9. The subsidy for grassroots animal disease prevention personnel is raised from 1000 to 1200 yuan [per month?]. Presumably, this is supposed to induce inspectors/veterinarians to actually do their jobs or stop taking bribes, but looks like still a feeble amount.
10. Increase credit support for commercial-size hog farms and give them loan guarantees. Investigate setting up joint loan guarantees for hog farm enterprises.
11. Strengthen statistics on "vegetable basket" commodity production, distribution and consumption, conduct monitoring and analysis to assess the production situation and changes in the market.
The rest of the policies are subsidies to help poor families bear the rising cost of food.
12. Each locality is to set up a mechanism for linking price subsidies to rising commodity prices.
13. Implement aid policies for students from poor families, strengthen the management of dining halls, ensure that students' standard of living in the fall semester is not affected by rising commodity prices.

Of course, these policies are not going to increase the supply of pork any time soon. It takes about a year to get a new litter of pigs and raise them to market weight. Farmers were already trying desperately to expand their herds. Piglet prices rose far faster than pork prices in recent months, an indicator that farmers are trying to expand but the supply of sows and piglets is limited.

The policies actually could increase pork prices in the short term.

First, the policies push the industry from small-scale to medium- and large-scale farms which have a higher cost structure. Feed rations are shifting from locally-abundant food scraps, crop stalks, vines, brans, etc used by small farmers to grain-based rations used by commercial producers. This is a factor increasing the demand for corn beyond its domestic availability, pushing corn prices up and boosting the cost of feed. That puts a higher floor under pork prices. Large farms have high overhead costs too.

Second, if compensation for disposing of dead pigs works, dead pigs will actually be buried instead of butchered. Long-time readers of this blog will be familiar with the widespread slaughter and sale of diseased hogs. If diseased pork is actually removed from the market, the supply of pork will be restricted and prices will go up.

Another factor not mentioned is stricter enforcement of pharmaceutical use following the "lean meat powder" episode in March. Surely this is restricting the supply of pork. There are some anecdotes about tainted hogs being slaughtered.
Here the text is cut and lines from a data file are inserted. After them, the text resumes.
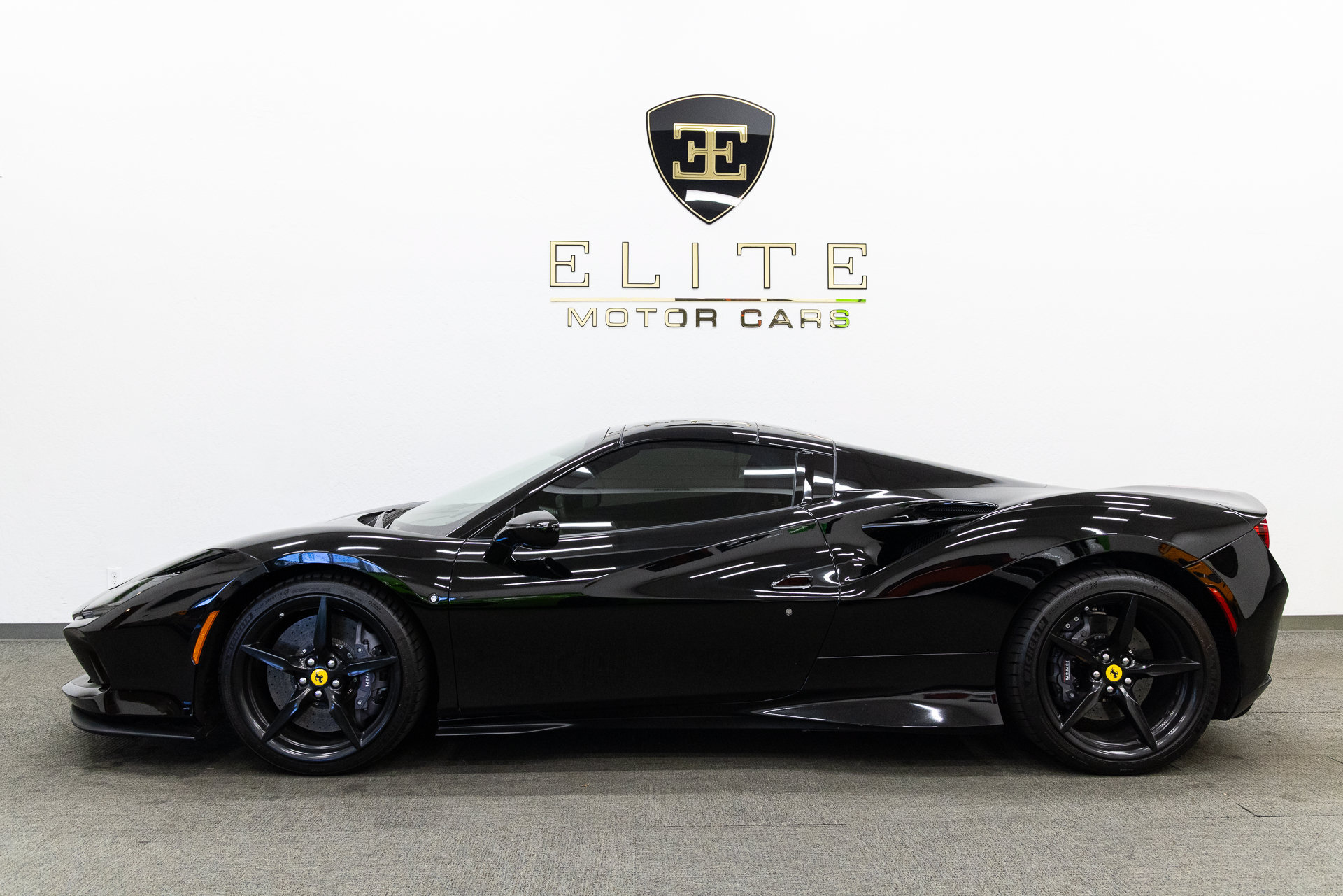 Used 2021 Ferrari F8 Tributo RWD image 22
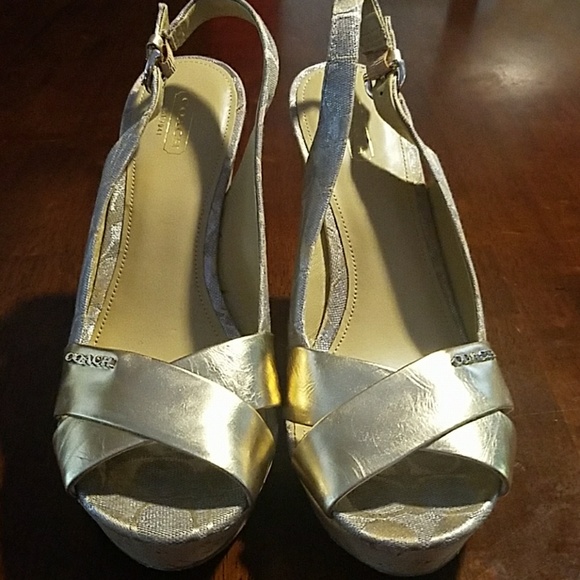 Gold Coach Jessy slingback wedge - Picture 3 of 7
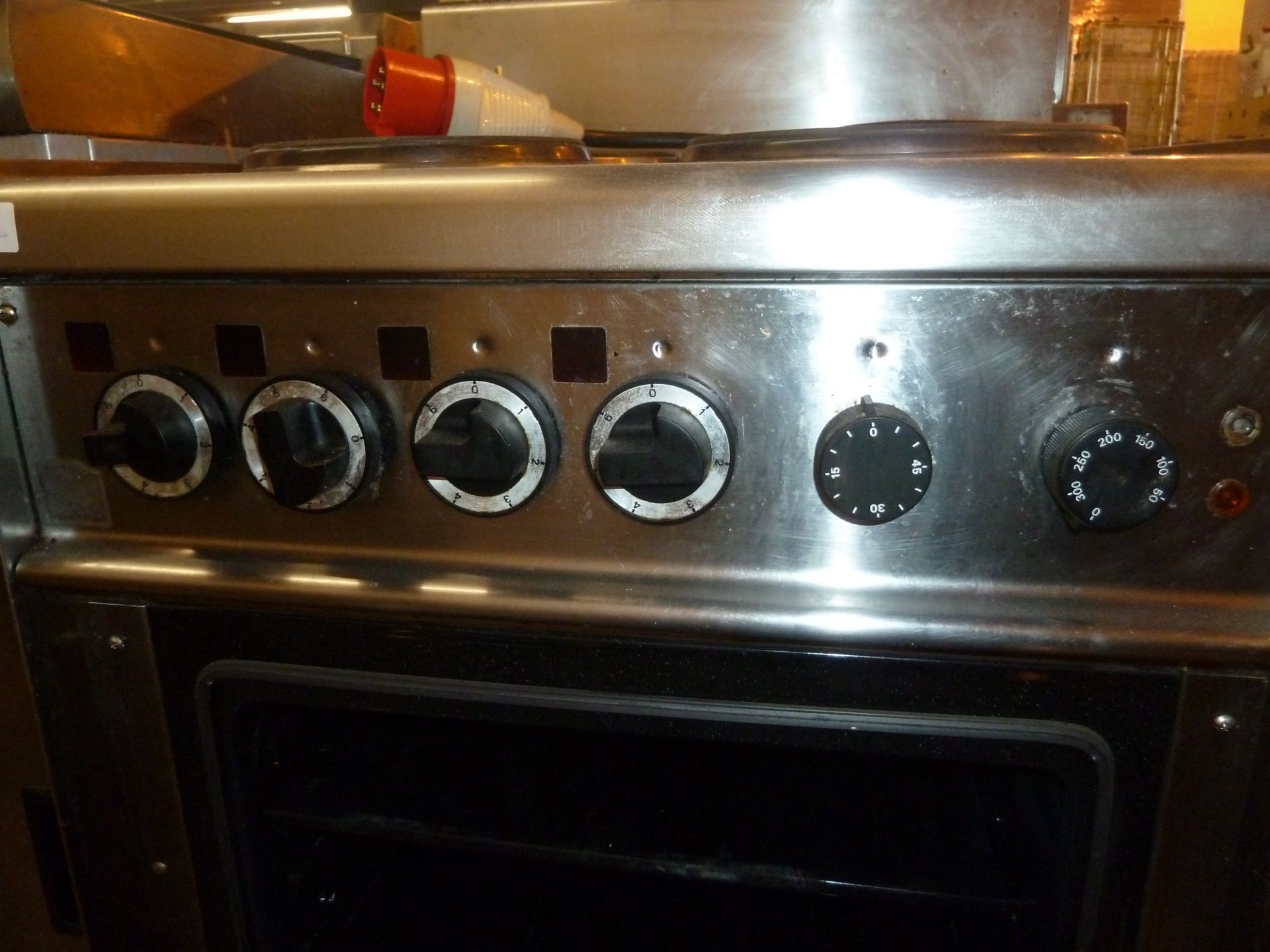 *Mareno 4 hob electric oven 3 phase 600w x 650d x 1000h - Image 3 of 3
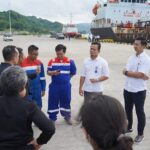 PT Pertamina International Shipping (PIS) sukses melakukan kegiatan salvage atau pertolongan terhadap Kapal MT Kristin yang kini telah bersandar di dermaga PT Pantai Damai Sejahtera (PDS), Lombok Barat. Foto: Dok PIS
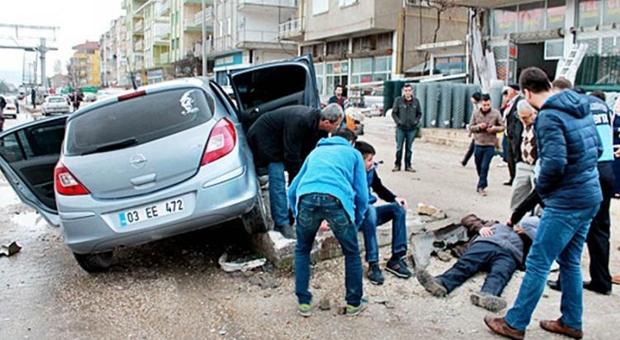 BUCAK’TA FECİ KAZA: 6 YARALI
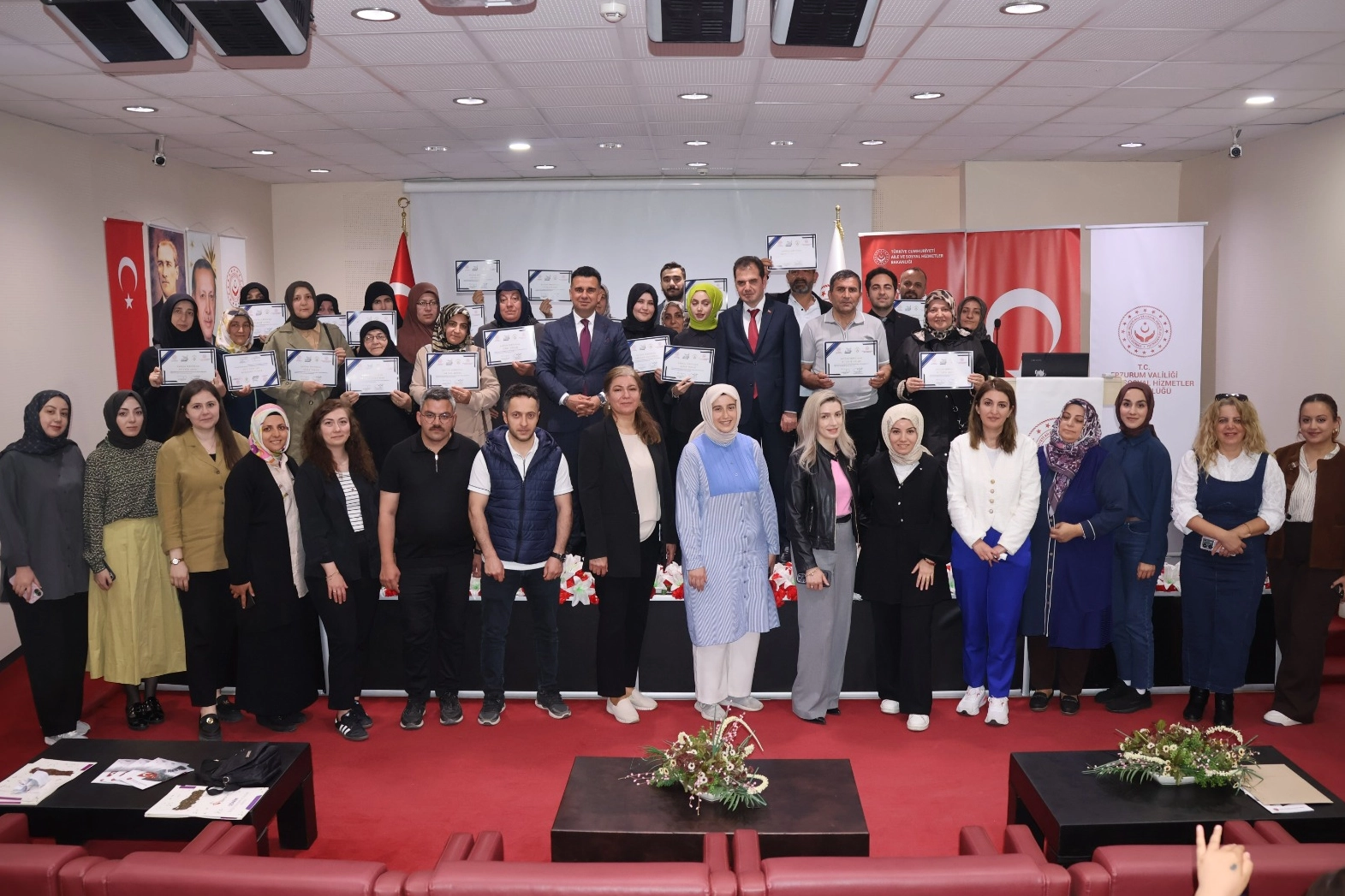 Erzurum'da Benim Köklü Ailem Projesi kapsamında düzenlenen sertifika töreni
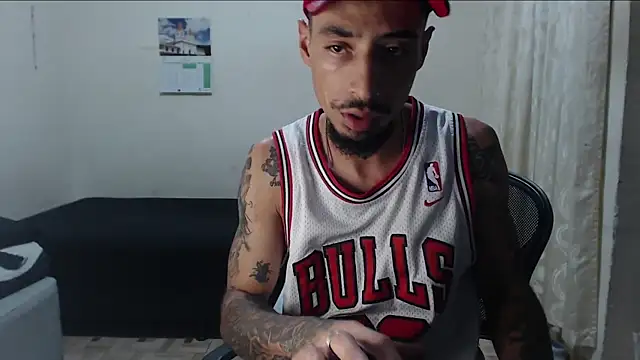 emiliano hottt online show from April 24, 2026, 2:02 am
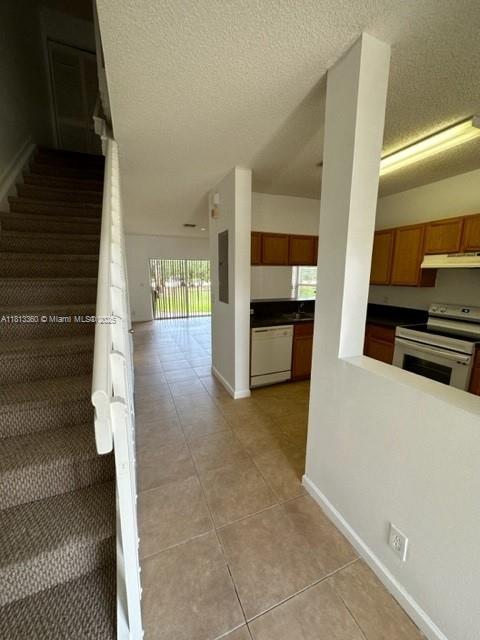 PALMBROOKE TOWNHOMES - Residential Lease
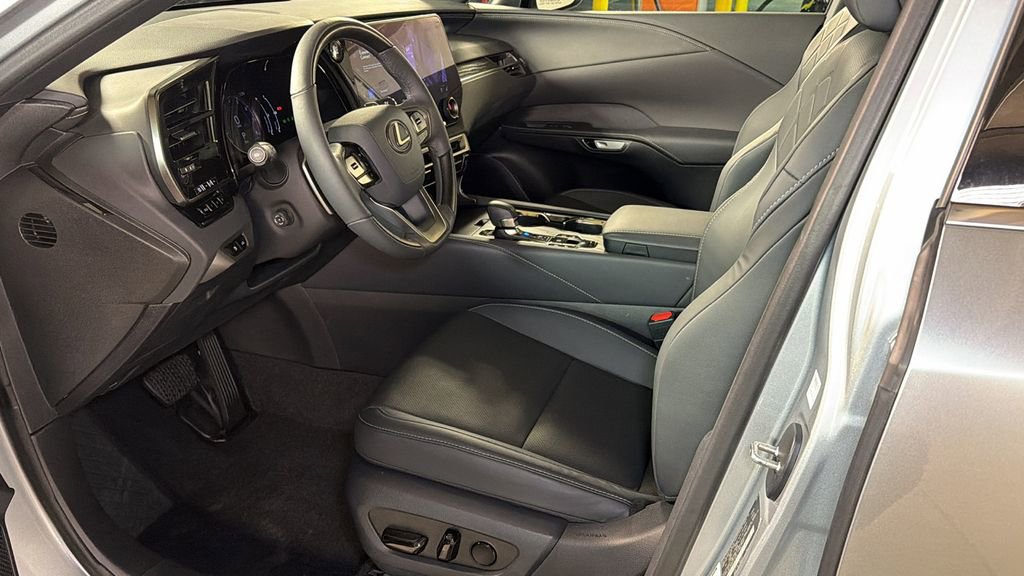 Used 2024 Lexus RX 350 Premium w/ Cold Area Package image 21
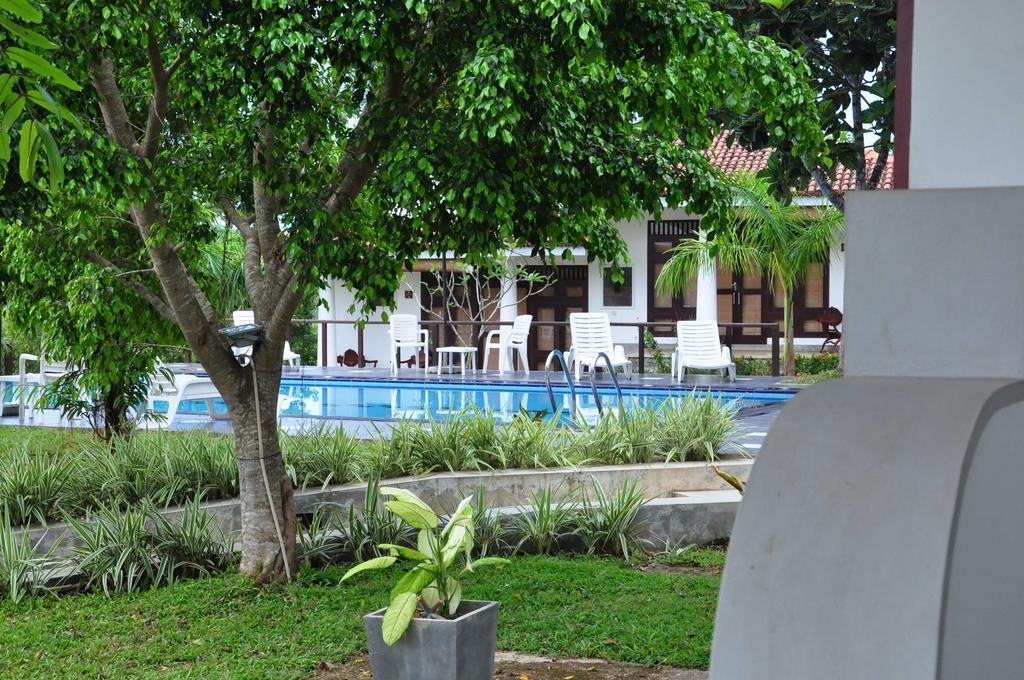 Fort Edge Retreat Unawatuna Esterno foto
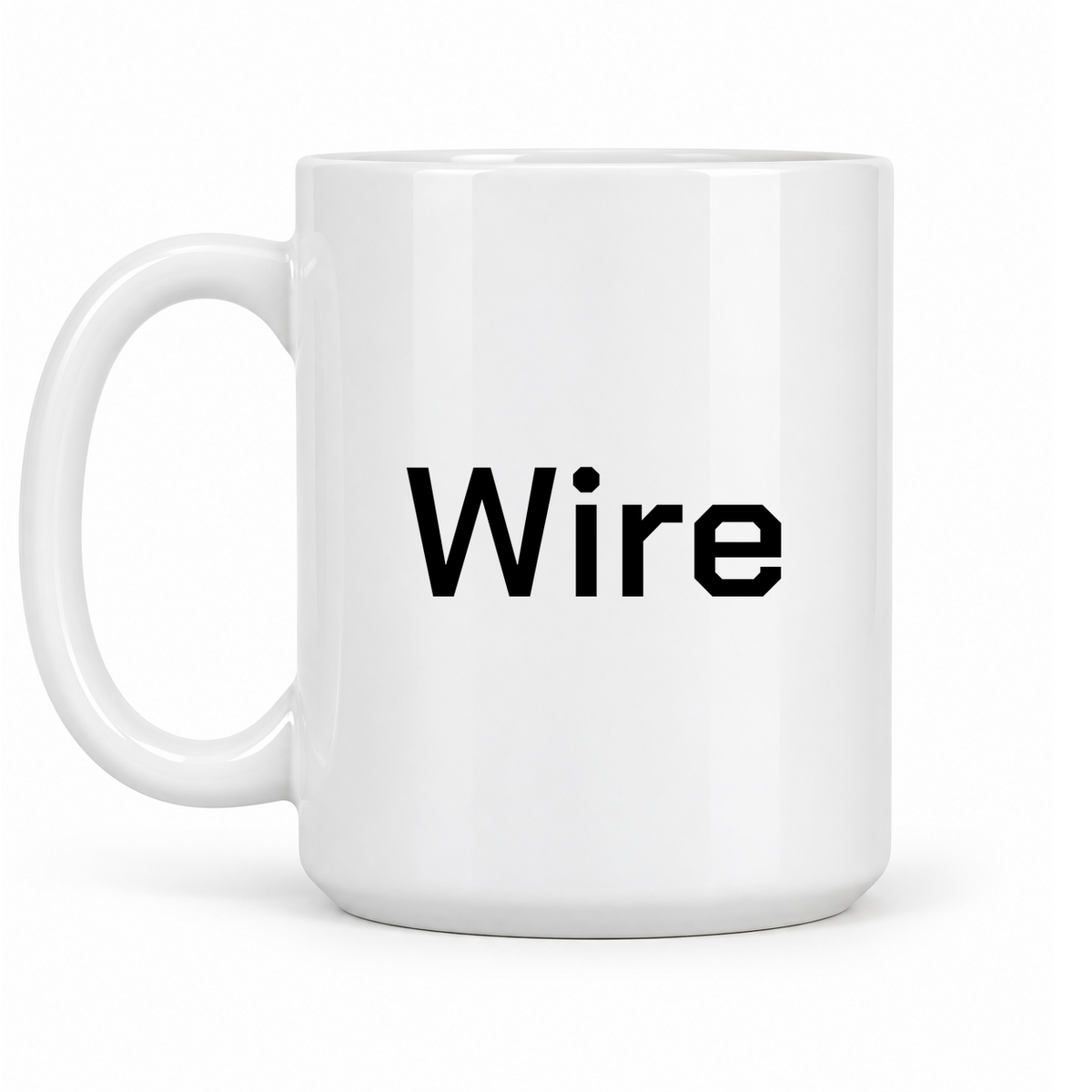 Wire Mug in white with handle left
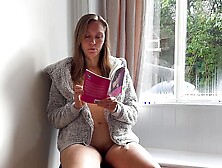 Reading Erotica: Look at Me,  Sex Short Stories to Read in Bed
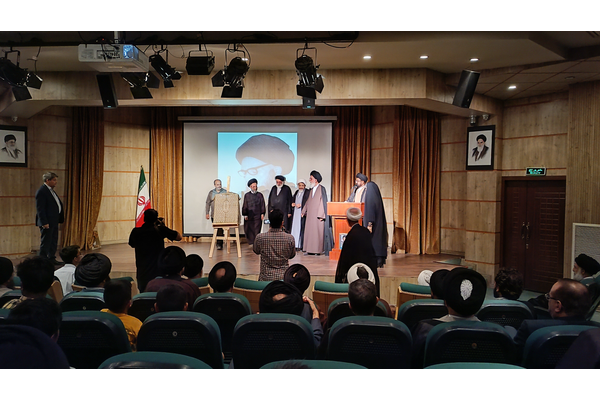  رونمایی از «سرو بی‌نشان» 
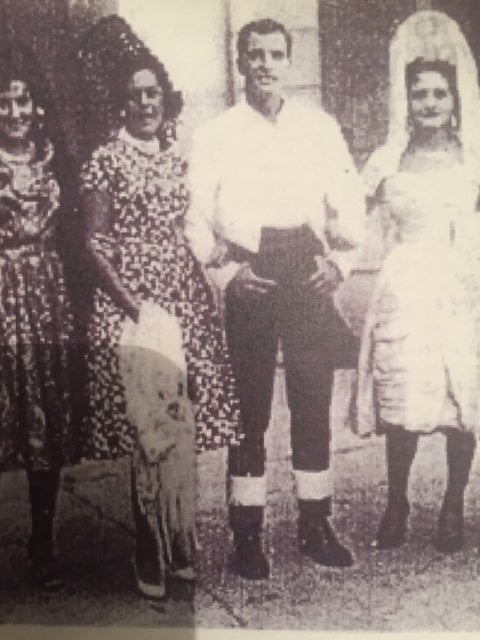 Adolfo Suárez, vestido de corto, antes de una becerrada en la plaza de toros de Avila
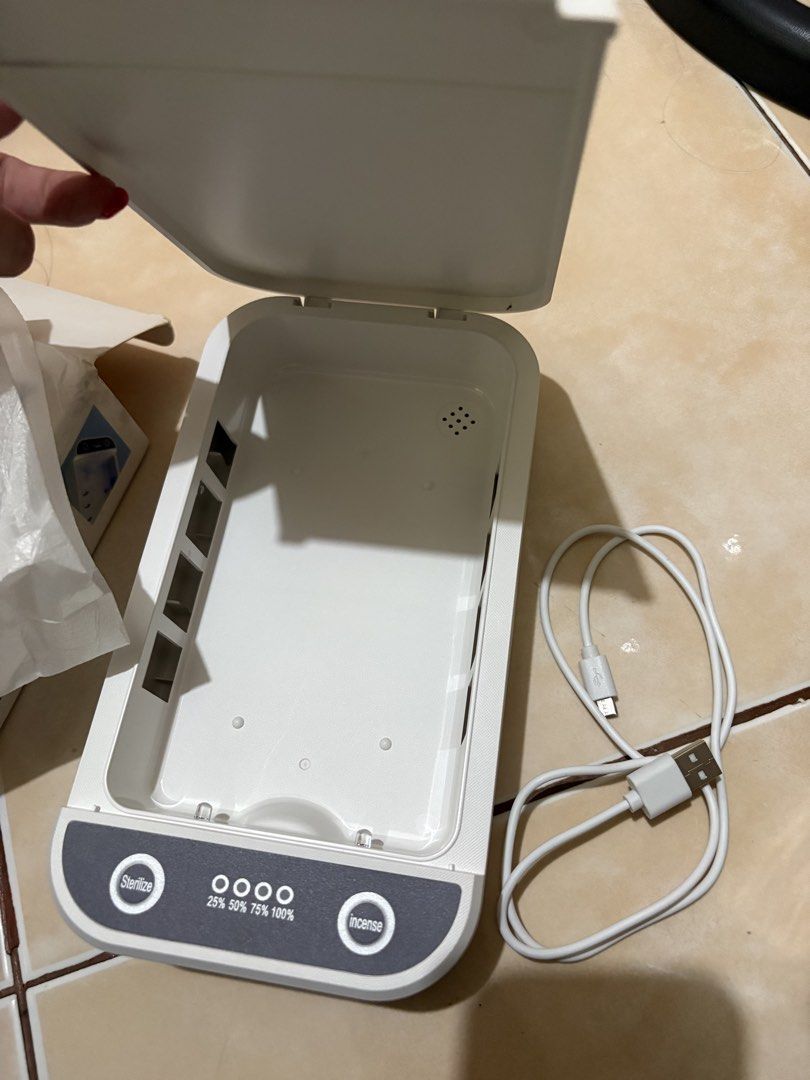 Sterilization Box (Category: Medical Supplies & Tools) located in Valenzuela. Submitted by phearlzstorm (Listing ID 1460303472, Image 3). Description: .
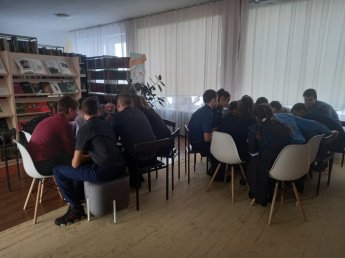 «Знатоки права»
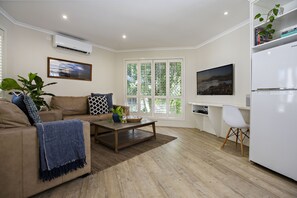 LED 电视、DVD 播放器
The slew of policies introduced in 2007 led to a big surge of investment in the hog industry which in turn led to a big expansion of supply and plummeting prices in 2008 and 2009. It's hard to imagine the policies doing this again. We can look for declining pork prices next year, but the rising cost structure means pork prices can't go down that far before farms start losing money.

That means Chinese people can plan on permanently higher pork prices...unless barriers to imported pork are lowered.